In this roundtable, we will discuss four examples from recent studies that address the following question: How can social workers conduct high-quality secondary data analysis with limited sample sizes or leverage underutilized variables in existing datasets to document the diversity among their populations of interest?
First, we will hear from two presenters regarding techniques employed with data from the Current Population Survey, jointly sponsored by the U.S. Census Bureau and the Bureau of Labor Statistics. They will describe strategies to enhance the samples among various racial and ethnic groups, including Asian, Hawaiian and Pacific Islanders; American Indian or Alaskan Natives; and Hispanic subgroups such as Mexicans, Dominicans, Salvadorans, Cubans, and Puerto Ricans.
Next, another speaker will share her experiences using data from the National Social Life, Health, and Aging Project (NSHAP) to understand Latino caregiving. NSHAP is longitudinal study that focuses on the physical and mental health, well-being, social networks, and sexual health of older Americans. Piedra will emphasize the importance of the language variable in datasets that offer limited background information on Hispanic participants and discuss the value of adopting flexible interpretive strategies for data analysis. Additionally, she will address how differentiating between surveys completed in Spanish versus English can reveal significant differences in nativity or educational attainment among Latinos, even though many researchers currently aggregate all Hispanic or Latino respondents to increase sample sizes. Piedra will also explore strategies to rectify this practice, thereby improving the accuracy and usefulness of research outcomes.

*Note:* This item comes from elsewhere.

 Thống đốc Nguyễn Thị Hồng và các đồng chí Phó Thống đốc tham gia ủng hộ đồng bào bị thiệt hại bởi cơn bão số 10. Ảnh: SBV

Lastly, a presenter will discuss the importance of skin tone and how exploring it can add rich intra-racial/ethnic nuance to analyses. Several frequently used secondary datasets (e.g., Add Health, CARDIA, National Survey of American Life) include variables for skin tone. Adding skin tone variables and stratifying analyses by race/ethnicity can reveal intragroup skin tone differences in outcomes and potentially unmask inequalities within specific groups.
The overarching goal is to stimulate conversations and share methodologies to reflect and celebrate the growing diversity across the nation.